All of lore.kernel.org
 help / color / mirror / Atom feed
* [PATCH v2] mm: fix missing wake-up event for FSDAX pages
@ 2022-07-05 12:35 Muchun Song
  2022-07-05 21:18 ` Andrew Morton
  0 siblings, 1 reply; 7+ messages in thread
From: Muchun Song @ 2022-07-05 12:35 UTC (permalink / raw)
  To: akpm, willy, jgg, jhubbard, william.kucharski, dan.j.williams, jack
  Cc: linux-mm, linux-kernel, linux-fsdevel, nvdimm, Muchun Song, stable

FSDAX page refcounts are 1-based, rather than 0-based: if refcount is
1, then the page is freed.  The FSDAX pages can be pinned through GUP,
then they will be unpinned via unpin_user_page() using a folio variant
to put the page, however, folio variants did not consider this special
case, the result will be to miss a wakeup event (like the user of
__fuse_dax_break_layouts()).  Since FSDAX pages are only possible get
by GUP users, so fix GUP instead of folio_put() to lower overhead.

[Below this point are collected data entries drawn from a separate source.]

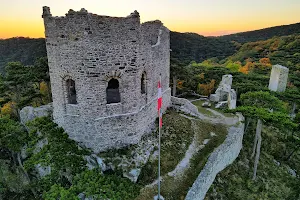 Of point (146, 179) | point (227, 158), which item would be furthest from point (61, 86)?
point (227, 158)

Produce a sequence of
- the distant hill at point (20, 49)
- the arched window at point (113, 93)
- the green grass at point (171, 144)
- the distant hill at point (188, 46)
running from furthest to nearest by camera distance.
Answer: the distant hill at point (188, 46) → the distant hill at point (20, 49) → the arched window at point (113, 93) → the green grass at point (171, 144)

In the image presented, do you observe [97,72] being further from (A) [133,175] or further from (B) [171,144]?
(B) [171,144]

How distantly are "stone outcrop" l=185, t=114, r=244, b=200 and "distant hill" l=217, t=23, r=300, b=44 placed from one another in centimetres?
9175

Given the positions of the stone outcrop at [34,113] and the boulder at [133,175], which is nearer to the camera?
the boulder at [133,175]

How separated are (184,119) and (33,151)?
1098cm

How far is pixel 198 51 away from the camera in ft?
251

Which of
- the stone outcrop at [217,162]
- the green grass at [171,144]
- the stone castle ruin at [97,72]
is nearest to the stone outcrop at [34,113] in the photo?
the stone castle ruin at [97,72]

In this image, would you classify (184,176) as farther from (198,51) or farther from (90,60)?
(198,51)

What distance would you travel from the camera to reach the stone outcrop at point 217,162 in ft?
39.6

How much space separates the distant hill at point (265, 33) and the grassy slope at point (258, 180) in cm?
8842

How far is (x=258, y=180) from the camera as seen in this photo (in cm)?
1689

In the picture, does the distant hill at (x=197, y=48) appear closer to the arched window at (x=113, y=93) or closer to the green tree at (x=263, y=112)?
the green tree at (x=263, y=112)

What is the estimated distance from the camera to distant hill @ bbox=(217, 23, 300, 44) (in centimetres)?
9803

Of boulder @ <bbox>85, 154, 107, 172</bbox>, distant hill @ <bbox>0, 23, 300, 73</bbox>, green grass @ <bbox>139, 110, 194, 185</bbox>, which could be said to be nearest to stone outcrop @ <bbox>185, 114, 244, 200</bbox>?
green grass @ <bbox>139, 110, 194, 185</bbox> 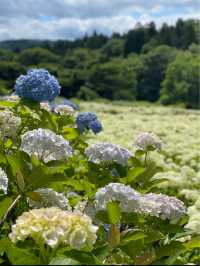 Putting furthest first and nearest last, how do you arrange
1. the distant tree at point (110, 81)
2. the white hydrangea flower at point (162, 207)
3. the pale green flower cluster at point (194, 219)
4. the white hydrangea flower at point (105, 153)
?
1. the distant tree at point (110, 81)
2. the pale green flower cluster at point (194, 219)
3. the white hydrangea flower at point (105, 153)
4. the white hydrangea flower at point (162, 207)

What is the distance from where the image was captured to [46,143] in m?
2.54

Fixes: d8ddc099c6b3 ("mm/gup: Add gup_put_folio()")
Suggested-by: Matthew Wilcox <willy@infradead.org>
Signed-off-by: Muchun Song <songmuchun@bytedance.com>
Cc: <stable@vger.kernel.org>
---
v2:
 - Fix GUP instead of folio_put() suggested by Matthew.

 include/linux/mm.h | 14 +++++++++-----
 mm/gup.c           |  6 ++++--
 mm/memremap.c      |  6 +++---
 3 files changed, 16 insertions(+), 10 deletions(-)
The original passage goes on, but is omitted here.